We are given the charge density {eq}\lambda {/eq} of a semicircle with radius {eq}R {/eq}. Suppose the total charge of this semicircle is {eq}Q {/eq}, then {eq}Q {/eq} can be expressed in terms of {eq}\lambda {/eq} and length of this semicircle {eq}l {/eq} or {eq}R {/eq}:

{eq}\begin{align*} Q&= \lambda l,\\ &= \lambda\pi R. \end{align*} {/eq}

(b)

We can find the electric field at point {eq}P {/eq} due to this semicircle by calculating the electric field due to all infinitesimal charge {eq}dQ {/eq}.

{eq}\begin{align*} E&=\int dE,\\ &=\int \frac{kdq}{d^2}, \end{align*} {/eq}

where {eq}d {/eq} is the distance from the infinitesimal charge {eq}dq {/eq} to the point {eq}P {/eq}. Inserting the result we obtained in part (a), this equation becomes

{eq}\begin{align*} E&= \frac{k \lambda}{d^2}\int dl,\\ &= \frac{k \lambda R}{d^2}\int_0^\pi d \theta,\\ &= \frac{k \lambda\pi R}{d^2}. \end{align*} {/eq}

Suppose {eq}\theta {/eq} is the angle between the line connecting {eq}P {/eq} and the infinitesimal length {eq}dl {/eq} and the {eq}z {/eq}-axis, then the {eq}z {/eq}-component of the electric field is just

{eq}\begin{align*} E_z&=E \cos\theta,\\ &=E \cdot \frac{z}{d},\\ &= \frac{k \lambda\pi Rz}{d^3},\\ &= \frac{k \lambda\pi Rz}{ \left(R^2+z^2\right)^{3/2}}. \end{align*} {/eq}

Note that since the semicircle is symmetric about the {eq}x {/eq}-axis, {eq}E_y {/eq} is canceled out, and only {eq}E_x {/eq} and {eq}E_z {/eq} are left.

(c)

If taking the potential to be zero at infinity, the potential at point {eq}P {/eq} due to this charge distribution is

{eq}\begin{align*} V&=\int \frac{kdq}{d},\\ &= \frac{k}{d}\int \lambda\,dl,\\ &= \frac{k \lambda R}{d}\int_0^\pi d \theta,\\ &= \frac{k \lambda\pi R}{d},\\ &= \frac{k \lambda\pi R}{ \sqrt{R^2+z^2}}. \end{align*} {/eq}

(d)

When we have obtained the electric potential at point {eq}P {/eq}, the {eq}z {/eq}-component of the electric field is the negative gradient of this potential along {eq}z {/eq}-axis.

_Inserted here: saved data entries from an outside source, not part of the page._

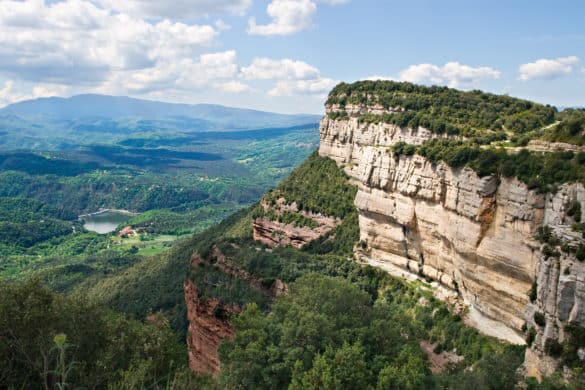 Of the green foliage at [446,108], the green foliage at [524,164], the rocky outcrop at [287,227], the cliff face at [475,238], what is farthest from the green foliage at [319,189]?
the green foliage at [524,164]

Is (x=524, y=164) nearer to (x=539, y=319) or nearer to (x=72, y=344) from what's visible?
(x=539, y=319)

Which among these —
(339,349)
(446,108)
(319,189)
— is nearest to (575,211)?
(339,349)

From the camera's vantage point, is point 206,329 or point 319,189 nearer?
point 206,329

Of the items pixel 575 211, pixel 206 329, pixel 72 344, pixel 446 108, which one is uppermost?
pixel 446 108

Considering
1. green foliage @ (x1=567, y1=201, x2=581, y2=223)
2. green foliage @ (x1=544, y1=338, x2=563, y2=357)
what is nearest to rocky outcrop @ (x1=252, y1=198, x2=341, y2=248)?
green foliage @ (x1=567, y1=201, x2=581, y2=223)

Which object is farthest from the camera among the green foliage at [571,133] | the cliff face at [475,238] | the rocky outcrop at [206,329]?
the rocky outcrop at [206,329]

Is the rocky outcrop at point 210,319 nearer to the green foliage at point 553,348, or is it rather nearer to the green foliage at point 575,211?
the green foliage at point 553,348

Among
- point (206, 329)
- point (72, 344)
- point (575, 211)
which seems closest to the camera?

{eq}\begin{align*} E_z&=- \frac{\partial V}{\partial z},\\ &=-\left(- \frac{1}{2}\right) \frac{k \lambda\pi R}{ \left(R^2+z^2\right)^{3/2}} \cdot 2z,\\ &= \frac{k \lambda\pi R z}{ \left(R^2+z^2\right)^{3/2}}, \end{align*} {/eq}

which is exactly the same as we have obtained in part (b).

(e)

The electric potential due to this semicircle at origin is when {eq}z=0 {/eq}, so

{eq}\begin{align*} V_O&= \frac{k \lambda\pi R}{R},\\ &=k \lambda\pi,\\ &= \frac{kQ}{R}. \end{align*} {/eq}

The potential at origin is like the potential due to a point charge {eq}Q {/eq} at a distance {eq}R {/eq} from origin. Hence, if we put a negative charge {eq}-Q {/eq} at a distance {eq}R {/eq} from origin, the electric potential is

{eq}\begin{align*} V&= -\frac{kQ}{R}, \end{align*} {/eq}

which can be canceled out the potential due to the semicircle.